Families flocked together

As told by Dot Lawry in 2007:

I lived at 94 Mitchell Street. It was the area where, when the New Australians came to the area, they bought land to build their shanties, and sheds, and worked and did whatever they could. They bought timber from Dunstan’s timber yards and grew their vegetables.

My husband Gordon and I had a cow and they would come to get milk and water from us because there was no reticulated water. Gordon and I didn’t have water properly laid on – it would run across the ground into our place.

When they got their own vegetables growing, they would bring us vegetables as a way of paying for the water and our kindness to them. It was a good life.

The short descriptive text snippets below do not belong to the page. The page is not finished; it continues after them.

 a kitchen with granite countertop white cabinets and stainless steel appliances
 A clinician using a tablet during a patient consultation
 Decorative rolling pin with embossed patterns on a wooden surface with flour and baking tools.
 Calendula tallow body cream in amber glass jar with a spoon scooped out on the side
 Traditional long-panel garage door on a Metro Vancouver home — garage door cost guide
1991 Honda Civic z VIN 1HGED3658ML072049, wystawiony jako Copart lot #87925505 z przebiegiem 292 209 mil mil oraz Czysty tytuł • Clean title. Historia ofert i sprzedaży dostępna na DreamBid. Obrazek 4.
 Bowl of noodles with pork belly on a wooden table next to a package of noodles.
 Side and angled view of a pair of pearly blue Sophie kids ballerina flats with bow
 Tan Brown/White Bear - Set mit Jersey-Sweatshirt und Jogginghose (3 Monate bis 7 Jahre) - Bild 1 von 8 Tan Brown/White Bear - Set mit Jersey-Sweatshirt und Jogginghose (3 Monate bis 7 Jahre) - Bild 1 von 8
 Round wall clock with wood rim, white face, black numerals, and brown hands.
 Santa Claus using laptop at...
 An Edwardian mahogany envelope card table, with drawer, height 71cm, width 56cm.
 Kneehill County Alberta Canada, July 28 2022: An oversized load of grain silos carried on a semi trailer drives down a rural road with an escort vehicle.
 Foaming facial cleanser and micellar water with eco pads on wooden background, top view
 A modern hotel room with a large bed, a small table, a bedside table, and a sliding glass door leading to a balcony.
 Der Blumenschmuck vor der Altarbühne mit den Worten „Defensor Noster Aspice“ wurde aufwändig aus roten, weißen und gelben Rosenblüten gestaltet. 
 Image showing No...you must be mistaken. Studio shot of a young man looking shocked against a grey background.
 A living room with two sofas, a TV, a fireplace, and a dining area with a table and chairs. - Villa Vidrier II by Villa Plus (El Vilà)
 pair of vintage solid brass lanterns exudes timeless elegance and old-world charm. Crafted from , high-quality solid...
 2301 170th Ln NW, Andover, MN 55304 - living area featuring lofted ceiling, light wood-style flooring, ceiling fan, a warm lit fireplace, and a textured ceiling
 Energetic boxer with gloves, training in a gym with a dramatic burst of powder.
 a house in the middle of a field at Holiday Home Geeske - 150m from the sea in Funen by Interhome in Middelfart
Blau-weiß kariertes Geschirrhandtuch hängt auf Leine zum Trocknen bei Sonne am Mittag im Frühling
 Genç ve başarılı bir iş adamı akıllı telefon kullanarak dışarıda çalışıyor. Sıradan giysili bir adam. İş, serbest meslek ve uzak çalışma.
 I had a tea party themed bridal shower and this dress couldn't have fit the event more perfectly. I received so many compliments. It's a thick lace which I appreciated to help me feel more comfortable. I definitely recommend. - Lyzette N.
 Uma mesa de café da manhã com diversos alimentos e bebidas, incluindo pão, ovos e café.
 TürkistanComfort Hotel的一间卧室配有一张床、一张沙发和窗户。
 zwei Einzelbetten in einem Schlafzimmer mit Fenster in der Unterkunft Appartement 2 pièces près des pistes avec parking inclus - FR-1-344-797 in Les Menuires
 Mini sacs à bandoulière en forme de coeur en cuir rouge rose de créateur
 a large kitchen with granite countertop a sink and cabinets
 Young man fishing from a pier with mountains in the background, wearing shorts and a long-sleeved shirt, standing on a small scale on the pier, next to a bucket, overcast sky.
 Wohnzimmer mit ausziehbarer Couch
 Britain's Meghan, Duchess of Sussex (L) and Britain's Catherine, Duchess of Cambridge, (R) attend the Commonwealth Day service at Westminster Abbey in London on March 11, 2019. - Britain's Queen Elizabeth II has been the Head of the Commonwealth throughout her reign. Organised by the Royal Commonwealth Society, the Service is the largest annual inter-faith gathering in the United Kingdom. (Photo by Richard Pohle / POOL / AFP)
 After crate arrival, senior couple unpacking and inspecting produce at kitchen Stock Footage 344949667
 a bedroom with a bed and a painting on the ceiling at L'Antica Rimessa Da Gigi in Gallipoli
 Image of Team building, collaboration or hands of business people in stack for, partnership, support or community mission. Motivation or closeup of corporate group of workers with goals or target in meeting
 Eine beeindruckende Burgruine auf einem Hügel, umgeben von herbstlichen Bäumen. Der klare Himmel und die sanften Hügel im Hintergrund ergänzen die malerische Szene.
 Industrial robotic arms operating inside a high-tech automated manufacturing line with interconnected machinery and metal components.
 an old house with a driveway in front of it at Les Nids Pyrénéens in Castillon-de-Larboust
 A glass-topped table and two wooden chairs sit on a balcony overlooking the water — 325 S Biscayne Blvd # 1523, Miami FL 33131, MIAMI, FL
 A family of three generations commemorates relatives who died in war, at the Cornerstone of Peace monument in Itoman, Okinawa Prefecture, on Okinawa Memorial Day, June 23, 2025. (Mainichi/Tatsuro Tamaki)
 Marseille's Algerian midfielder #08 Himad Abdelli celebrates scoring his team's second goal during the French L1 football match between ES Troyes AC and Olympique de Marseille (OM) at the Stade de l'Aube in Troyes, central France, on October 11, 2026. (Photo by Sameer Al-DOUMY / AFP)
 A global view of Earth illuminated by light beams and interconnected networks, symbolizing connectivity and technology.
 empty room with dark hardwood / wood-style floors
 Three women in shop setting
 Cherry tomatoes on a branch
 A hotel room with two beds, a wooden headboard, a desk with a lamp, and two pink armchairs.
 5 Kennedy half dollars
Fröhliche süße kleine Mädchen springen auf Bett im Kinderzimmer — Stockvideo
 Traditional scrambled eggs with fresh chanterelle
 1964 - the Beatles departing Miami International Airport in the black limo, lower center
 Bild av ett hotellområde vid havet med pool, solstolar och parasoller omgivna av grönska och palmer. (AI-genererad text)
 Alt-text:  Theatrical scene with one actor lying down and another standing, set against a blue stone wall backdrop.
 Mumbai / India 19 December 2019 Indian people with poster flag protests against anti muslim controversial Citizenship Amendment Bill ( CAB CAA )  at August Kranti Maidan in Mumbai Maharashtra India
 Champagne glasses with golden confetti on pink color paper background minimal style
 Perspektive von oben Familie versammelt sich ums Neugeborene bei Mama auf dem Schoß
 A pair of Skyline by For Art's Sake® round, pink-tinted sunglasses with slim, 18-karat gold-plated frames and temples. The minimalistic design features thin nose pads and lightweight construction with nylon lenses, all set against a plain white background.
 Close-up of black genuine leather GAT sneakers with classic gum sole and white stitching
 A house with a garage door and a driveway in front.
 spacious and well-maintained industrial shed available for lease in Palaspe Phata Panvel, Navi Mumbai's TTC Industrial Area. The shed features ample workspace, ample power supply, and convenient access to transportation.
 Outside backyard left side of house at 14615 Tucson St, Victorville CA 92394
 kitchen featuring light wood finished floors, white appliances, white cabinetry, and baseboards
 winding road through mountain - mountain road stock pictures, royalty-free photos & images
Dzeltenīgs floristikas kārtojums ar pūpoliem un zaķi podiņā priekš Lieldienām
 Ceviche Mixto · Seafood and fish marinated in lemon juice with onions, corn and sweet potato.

From 1949 Gordon and I worked for the Wodonga Poultry Suppliers. We would wash the feathers we got from there, Gordon would dry them in a machine which he built, and the New Australians would get feathers to make their continental quilts and eiderdowns and pillows.

A group of women would come and sit near our back door and strip the feathers from the quills. They’d do some for one family and the next for another family, but everyone would work on it. They would make a quilt for one family and then another until everyone had a quilt.

What did we do with the left-over quills? We’d dig a hole and bury them. They weren’t allowed to go to the tip. Eventually the quills rotted into manure and they’d dig it up and take home for their gardens.

The offal from the poultry and processed animals went to a piggery. Some of it would be buried in an old swamp down the end of Athol Street where the Racecourse is now. There was a dam or swamp there near where Cox’s are.

We made our own continental quilts for our family. I didn’t strip the feathers for our quilts; I used to get the fine duck down. I did it the easy way. Anything that had feathers on we processed at the Wodonga Poultry Suppliers.